Okay, Here's what I've come up with so far.
I ground up the leftover ham. Ran it through the grinder twice with a 1/8 inch plate. It needs some kind of moisture to get it into more of a pate consistency rather then the pellet form the grinder alone produces.
Took 1/2 pound to experiment with. 
Added 1 Tbs. Dry Mustard. (Coleman's)
1 Tbs. Paprika
1 Tsp. Garlic Powder
1 Tsp. Ground Turmeric
1/2 Tsp pepper
1 Tbs L & P Worcestershire Sauce


I mixed this part of the concoction with some Mayo & pickle relish and had it on toast with some lettuce for a sammy.
Wasn't bad but it could use less Worcester Sauce.
I added a Tbs. because that was what was left in the bottle and figured WTH just use it all.

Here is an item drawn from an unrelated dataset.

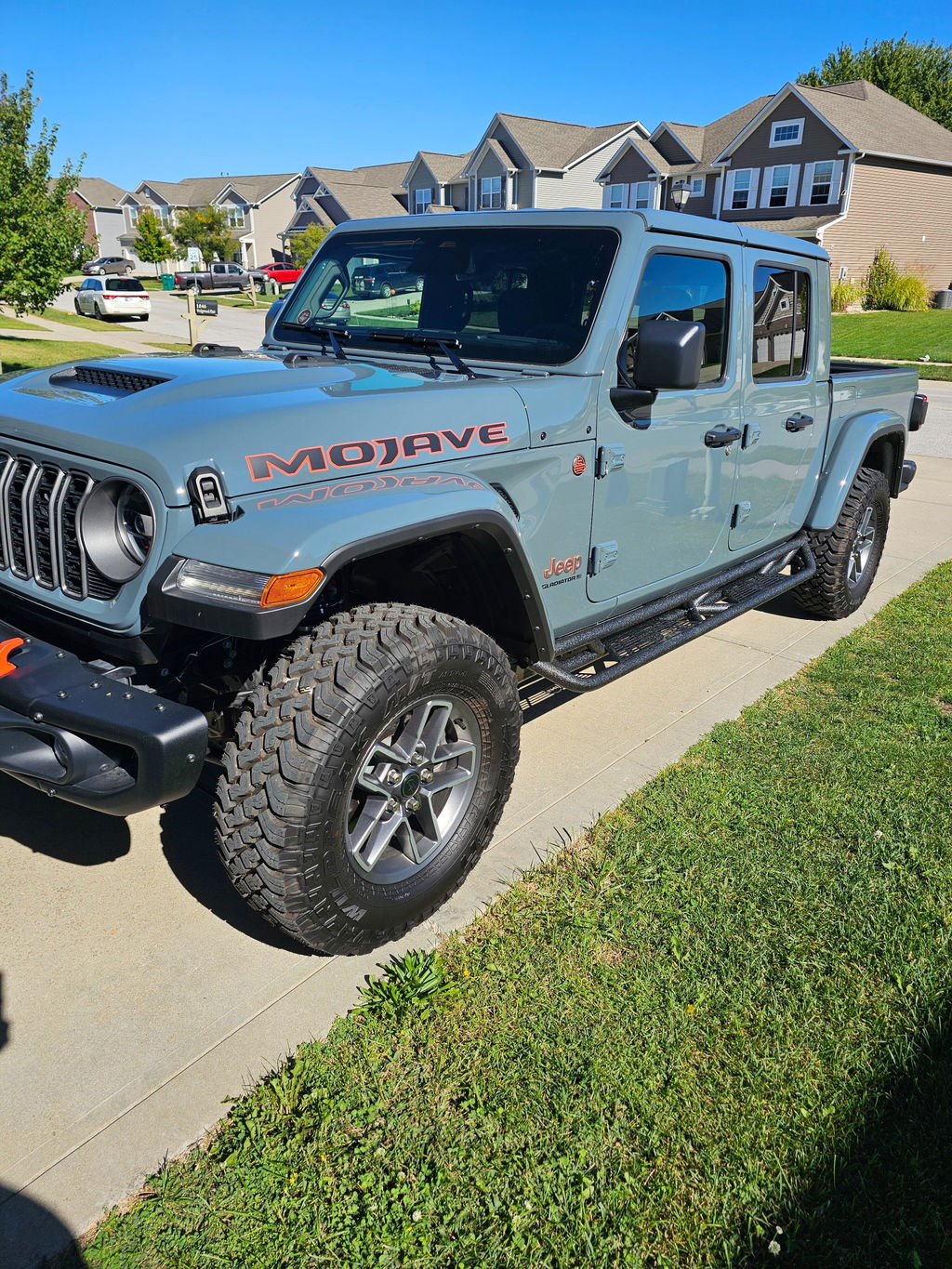 Hooke Road Running Boards Side Steps Nerf Bars(20-26 Jeep Gladiator JT)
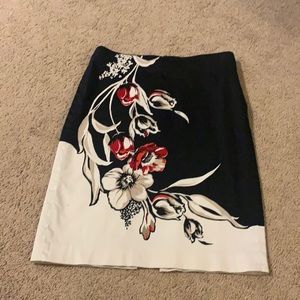 White House Black Market lined skirt size 4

I've added some onion powder to what's left of the witch's brew and am going to see what that does.

Once I'm not tired of ham I'll thaw out some more of the ground ham and try again.

Any ideas are welcome here. This is truly an experiment for me but at least I might be able to start to keep some kind of record of what I destroy in the kitchen.


----------



## Zhizara (Jul 14, 2012)

Did you remember to put Worcestershire sauce on your grocery list?


----------



## Zagut (Jul 15, 2012)

Why yes I did put it on the list.

But it's not urgent because I always have a spare bottle of Lea & Perrins. 

It's one of those items that I never want to be without in the kitchen.


I wish they would go back to the old orange & black label. My Grandfather showed me something on it that made me love it.


----------